We have now said it will just be our little man unless BM goes onto have another and her situation remain unchanged, we know we would be approached about a sibling and we would find it difficult to say no for the right reasons. So for us fate will decide really and we'll be happy either way. There was a time we never thought we'd be a family so to have our absolutely incredible amazing baby boy means we are truly blessed and he will absolutely be more than enough for us if that's how it turns out.
I will say though he does have older siblings placed elsewhere so that was one of my concerns, I didn't want him to feel like he was on his own so I hope as they get older they will develop a good relationship with each other.


----------



## littlepoppy86 (Feb 14, 2014)

We was approved for one after changing our mind looking for siblings and realising double the work to start was too much...
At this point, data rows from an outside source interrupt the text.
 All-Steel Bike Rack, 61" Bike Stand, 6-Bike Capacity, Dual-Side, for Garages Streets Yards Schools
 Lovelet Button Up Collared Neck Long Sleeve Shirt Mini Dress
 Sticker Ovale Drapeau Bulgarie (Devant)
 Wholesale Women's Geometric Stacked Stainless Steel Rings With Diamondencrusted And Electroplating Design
On the day of matching panel for our son we was told birth mum pregnant and we then had baby sibling 6m later! X


----------



## Kylie47 (Mar 28, 2013)

Thank you so much for your advice and sharing your stories littlepoppy, Becs, goofygirl and darcy - really really appreciate it!

I think you've hit the nail on the head re support network being key. We have a great support network of friends and family for emotional support and regular visits, but in terms of helping out with childcare (the more practical help), we won't have that regularly as our parents are too old to physically be able to help much with younger children (they're great with our older nieces and nephews, aged 9 upwards) and other family members work. So we need to know that we're generally able to manage just the two of us. And as I'll be taking adoption leave, I need to know I can manage two on my own during the day, knowing that I will get help some of the time but can't rely too much on that. 
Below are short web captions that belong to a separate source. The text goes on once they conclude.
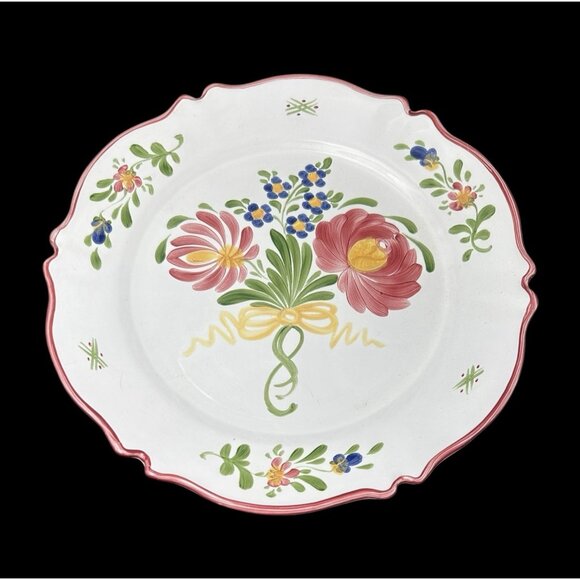 Roullet Renoleau Pink Green Floral Ceramic 10" Plate France French Cottage Decor - Picture 1 of 8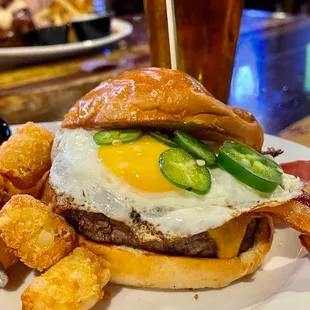 Breakfast Burger w/ jalapeño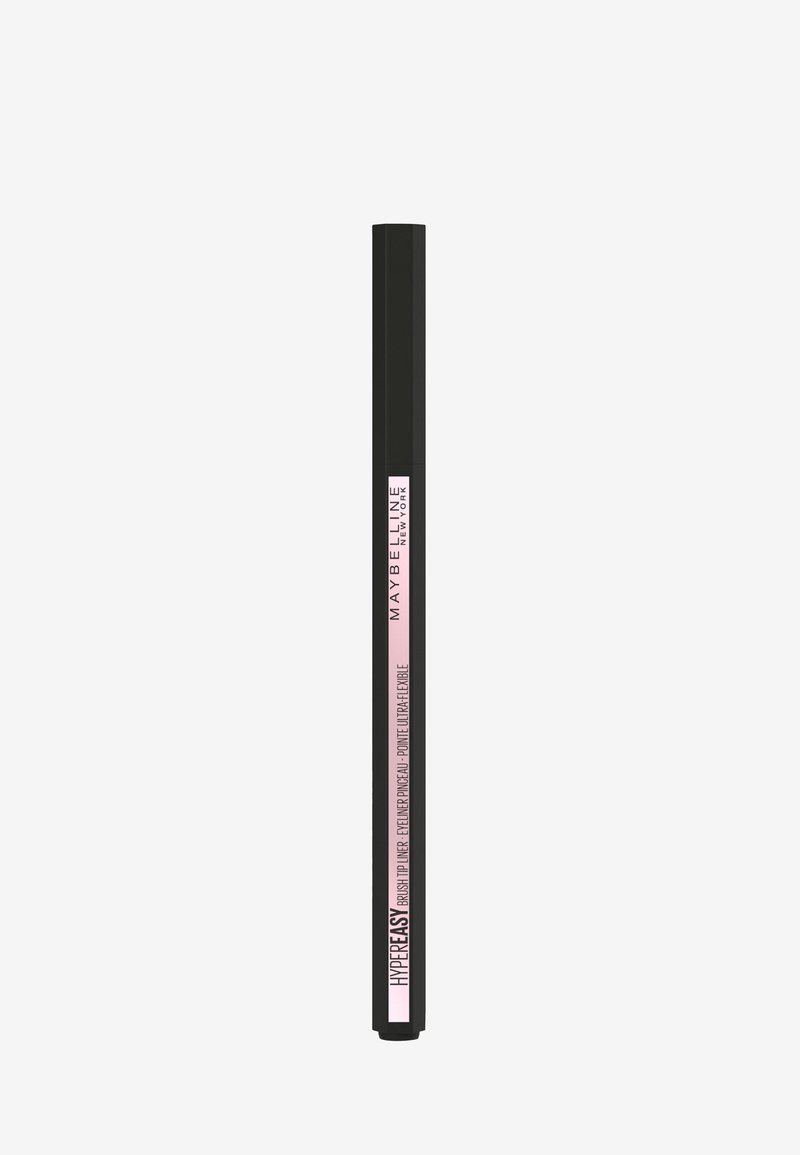 Eye liner noir en crayon au design élancé, avec une étiquette rose pâle comportant du texte. La finition est mate et lisse.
It's so hard isn't it! I feel that we need to have decided on the principle of whether to have siblings or not ahead of seeing profiles as it'll be more difficult to say no once we've read about real children who we may well get a gut feeling are right for us! And by the sounds of things we're only going to be shown profiles of siblings to start with as no young singletons coming through at the moment ...

Wish we had a crystal ball ...  

Anyway thanks again for your advice, it's definitely helping!  Xx


----------



## Sun Flower (Jul 14, 2008)

Hi Kylie

you have already had some great advice from the other ladies but I just wanted to add that depending on your age range and the age of possible sibling groups, if the older LO is 2yrs + they would be eligible for 15 hours free childcare per week, which might help.
We have an AS aged 2yrs 3 months (he has been with us nearly 18 months now) we have applied to adopt for a second time. Part of our assessment this time will include childcare arrangements and our support network and how I will cope at home with 2 when DH is at work, having the 15 hours free childcare (which he starts in September) will be a god send! we visited a few local nurseries and it varies, some offer the hours as 2 full days, others spread it out across the week, our little man will be doing mornings 9-12 Mon - Fri 

just something else for you to think about and consider x


----------



## Darcy2012 (Jul 16, 2014)

Yes as mummy sunflower says bear in mind the 15 free hours, my eldest nearly 3 will be going 5 mornings from September and youngest 2 half days giving me bit of time to myself, also the social workers have really encouraged us to do this to get a bit of a break.


----------



## Flash123 (Jan 29, 2006)

Unless you live in wales where you don't get anything


----------



## GoofyGirl (Apr 1, 2013)

That's outrageous Flash!!!!

Yes agree wholeheartedly regarding nursery. Since mine have been going to nursery (DD qualifies for the free hours, DS not ti September so we currently self fund this) I feel much happier and able to cope. If you plan ahead I think it would also have helped, I kept thinking I should hold off as long as possible but wish I'd accepted sooner that it would be ok after a few months then I'd have had something to look towards instead of a blank canvas future. 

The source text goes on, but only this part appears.